= Trip sitter =

Person who remains sober to ensure the safety of a drug user

A trip sitter—sometimes known as a sober sitter, spotter, or co-pilot—is a term used by recreational or spiritual drug users to describe a person who remains sober to ensure the safety of the drug user while they are under the influence of a drug; they are especially common with first-time experiences or when using hallucinogens such as psychedelics, dissociatives, and deliriants. This practice can be seen as a means of harm reduction.

A trip sitter is sometimes called a psychedelic guide or guide, although this term is more often used to describe someone who takes an active role in guiding a drug user's experiences; a sitter merely stands by to discourage bad trips and handle emergencies, but otherwise does not take on an active role.

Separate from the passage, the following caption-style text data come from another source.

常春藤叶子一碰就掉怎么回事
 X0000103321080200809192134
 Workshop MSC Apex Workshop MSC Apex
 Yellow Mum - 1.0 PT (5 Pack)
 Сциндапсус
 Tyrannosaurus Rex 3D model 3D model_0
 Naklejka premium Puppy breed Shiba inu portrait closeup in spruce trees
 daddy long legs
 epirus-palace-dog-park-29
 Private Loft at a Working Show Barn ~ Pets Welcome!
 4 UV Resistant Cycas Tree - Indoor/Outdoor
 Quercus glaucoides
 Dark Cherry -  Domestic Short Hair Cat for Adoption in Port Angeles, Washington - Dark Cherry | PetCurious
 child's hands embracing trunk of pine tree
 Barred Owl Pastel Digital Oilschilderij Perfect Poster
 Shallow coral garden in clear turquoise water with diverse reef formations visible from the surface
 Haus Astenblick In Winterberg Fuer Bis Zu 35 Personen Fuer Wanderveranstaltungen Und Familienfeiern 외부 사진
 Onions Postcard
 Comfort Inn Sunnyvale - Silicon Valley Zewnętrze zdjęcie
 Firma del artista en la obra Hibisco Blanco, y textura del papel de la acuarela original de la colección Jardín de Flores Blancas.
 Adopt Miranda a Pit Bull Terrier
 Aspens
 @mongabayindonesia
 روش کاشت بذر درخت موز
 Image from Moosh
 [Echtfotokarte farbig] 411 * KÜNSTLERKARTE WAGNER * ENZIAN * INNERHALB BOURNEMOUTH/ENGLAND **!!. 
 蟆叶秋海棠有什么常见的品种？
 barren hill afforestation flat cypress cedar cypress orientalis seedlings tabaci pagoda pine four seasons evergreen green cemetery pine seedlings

Guides are more common among spiritual users of entheogens. Psychedelic guides were strongly encouraged by Timothy Leary and the other authors of The Psychedelic Experience: A Manual Based on the Tibetan Book of the Dead. Trip sitters are also mentioned in the Responsible Drug User's Oath.

Some sources recommend a sitter be present when certain drugs are used, regardless of the user's experience or comfort with the substance. A sitter may be necessary for users of Salvia divinorum for example because the drug can sometimes cause both disorientation and a desire to move about.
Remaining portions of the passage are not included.